**TASK TO COMPLETE**
Once you find the line with "ザ花とゆめ　ディープ・ラブ" in the listing below, set down exactly every line from it through the line with "2022年疫情防控工作自查情况报告范文精选六篇.docx", but no pictures.

───── EXERCISE INPUT

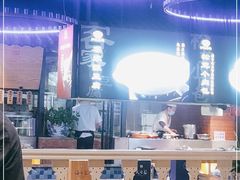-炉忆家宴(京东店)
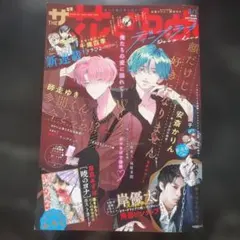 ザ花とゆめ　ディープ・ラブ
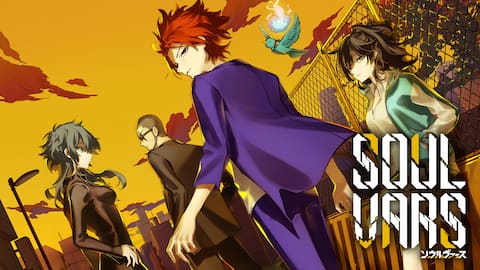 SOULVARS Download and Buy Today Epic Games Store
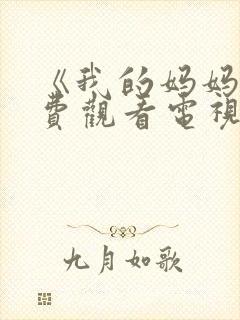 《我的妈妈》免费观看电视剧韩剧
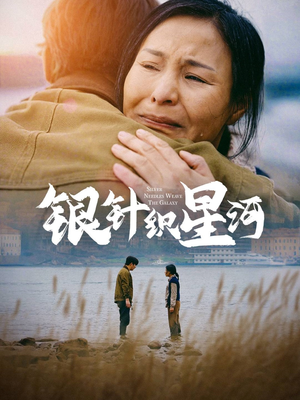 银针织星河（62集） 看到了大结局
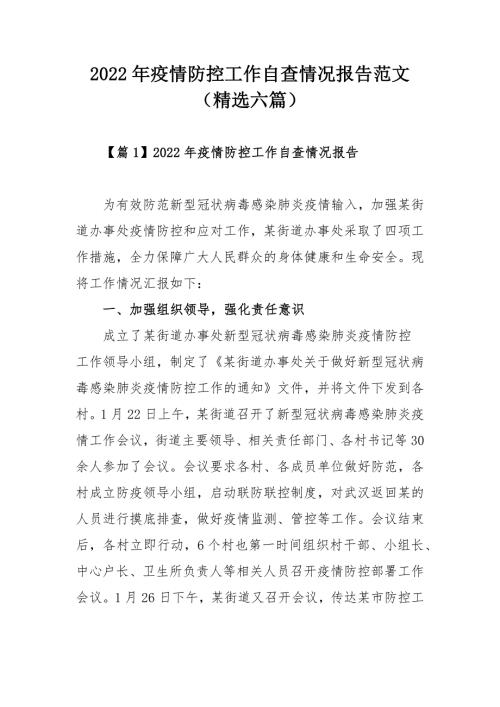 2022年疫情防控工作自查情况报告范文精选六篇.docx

──────────
───── EXERCISE INPUT

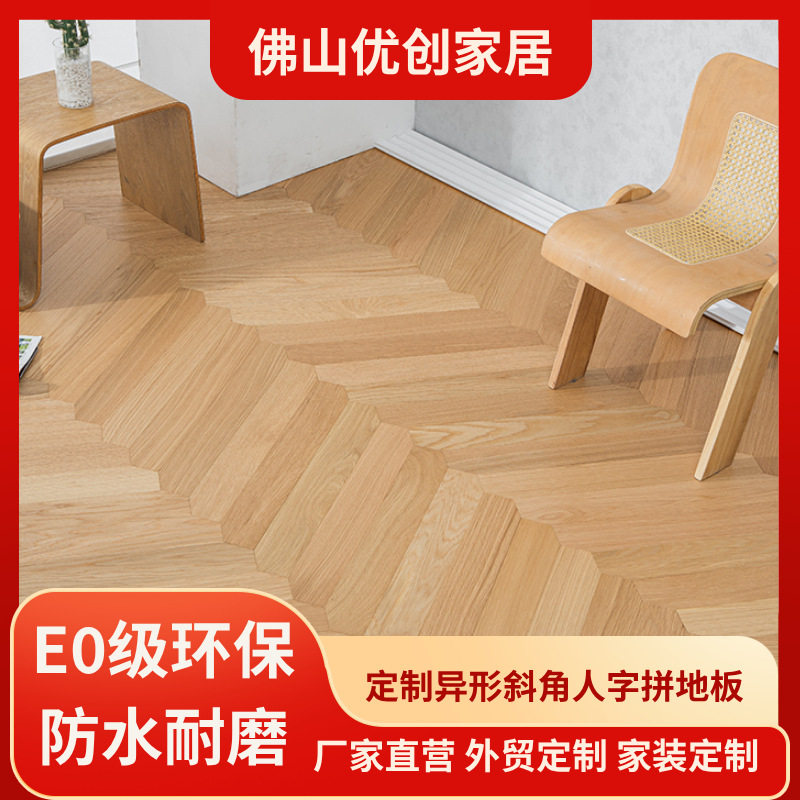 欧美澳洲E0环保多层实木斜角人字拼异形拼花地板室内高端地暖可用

──────────

**THE COMPLETED TASK**
 ザ花とゆめ　ディープ・ラブ
 SOULVARS Download and Buy Today Epic Games Store
 《我的妈妈》免费观看电视剧韩剧
 银针织星河（62集） 看到了大结局
 2022年疫情防控工作自查情况报告范文精选六篇.docx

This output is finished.